But apparently, “powerful commercial interests have been allowed to ransack the Mekong River’s rich resources by building damaging hydropower dams which have yet to demonstrate proven and effective mitigation measures,” said Pianporn Deetes, Thailand Campaign Coordinator for International Rivers, a California-based environmental group.
In November 2012, Laos broke ground on the US$3.8-billion Xayaburi dam project despite vehement objections from environmental groups and its neighbors who said the 810-meter (2,600ft) dam would unleash massive ecological changes on a river that feeds around 60 million people.
A technical review released in March 2011 by the Mekong River Commission (MRC) – a regional body established to coordinate dam projects on the river – on the Xayaburi dam is considered the most comprehensive analysis of its potential impact.
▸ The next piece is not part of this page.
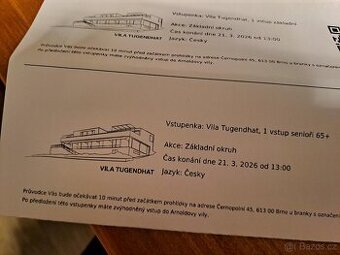 vstupenky – Vila TUGENDHAT Brno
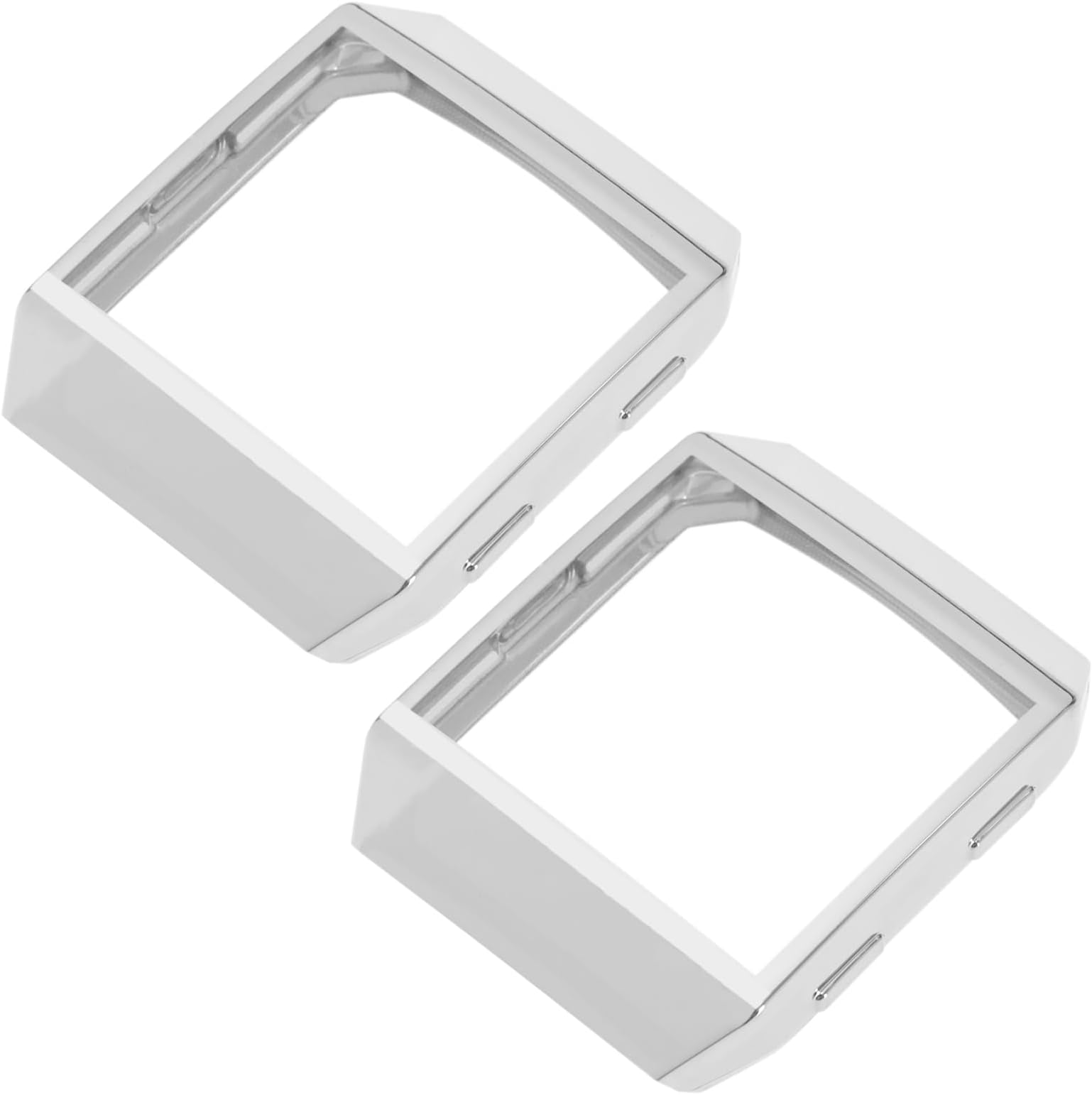 ECSiNG 2pcs Frame Protector for Smartwatch Compatible with Fitbit Ionic All Sides Protective Soft TPU Protector Frame Cover Replacement Accessory Silver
It warns that more than 50 studies are still required before regional governments reach a consensus over whether the Xayaburi and other Mekong mainstream dams should be built.
But last September, Laos notified the MRC that it would forge ahead with the second dam, the Don Sahong, on the lower Mekong, despite calls from foreign donors to consult neighbors that face a trans-boundary impact on fisheries and the risk of deprived livelihoods.
A regional summit that ended recently in Vietnam dismayed environmental activists who had hoped for tougher stance against the dam-building binge.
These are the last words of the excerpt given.